■ TASK
Look through the material below and copy exactly the lines from the line with "Yann Cancel Oversize Fleeced Hoodie" to the line with "JUBI ADVANCED 7-HYDROXYMITRAGYNINE", those two lines included.

■ DATA LISTING
========

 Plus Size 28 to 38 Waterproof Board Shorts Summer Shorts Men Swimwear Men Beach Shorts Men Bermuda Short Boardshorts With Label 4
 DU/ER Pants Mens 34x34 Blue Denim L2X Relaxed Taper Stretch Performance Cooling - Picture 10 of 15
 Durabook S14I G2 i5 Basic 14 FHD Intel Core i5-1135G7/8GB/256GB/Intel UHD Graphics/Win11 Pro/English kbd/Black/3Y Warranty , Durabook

========

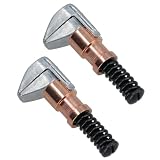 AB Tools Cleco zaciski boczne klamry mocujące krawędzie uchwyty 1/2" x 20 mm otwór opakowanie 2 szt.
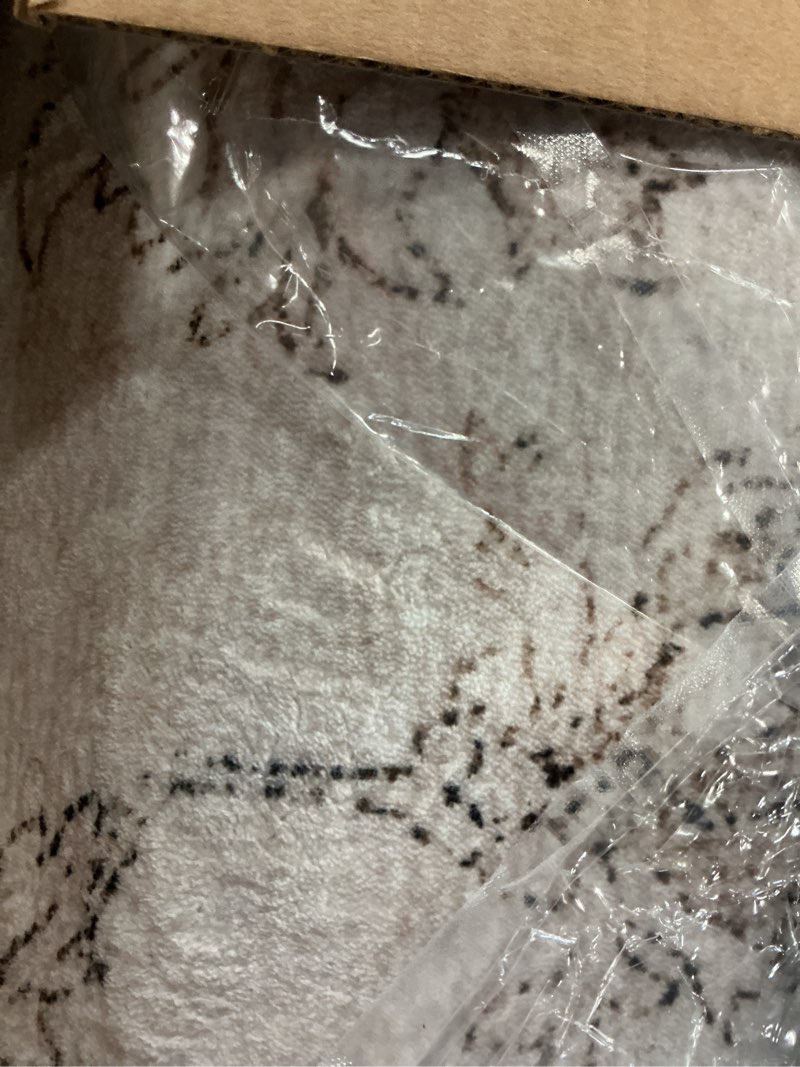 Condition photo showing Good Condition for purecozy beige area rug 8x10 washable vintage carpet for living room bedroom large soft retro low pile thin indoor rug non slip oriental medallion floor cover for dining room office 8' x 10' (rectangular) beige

========

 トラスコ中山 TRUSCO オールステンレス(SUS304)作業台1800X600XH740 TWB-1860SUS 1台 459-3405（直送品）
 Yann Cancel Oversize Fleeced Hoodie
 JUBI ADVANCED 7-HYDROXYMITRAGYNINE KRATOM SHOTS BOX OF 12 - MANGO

========

■ ANSWER TO THIS PROBLEM
 Yann Cancel Oversize Fleeced Hoodie
 JUBI ADVANCED 7-HYDROXYMITRAGYNINE KRATOM SHOTS BOX OF 12 - MANGO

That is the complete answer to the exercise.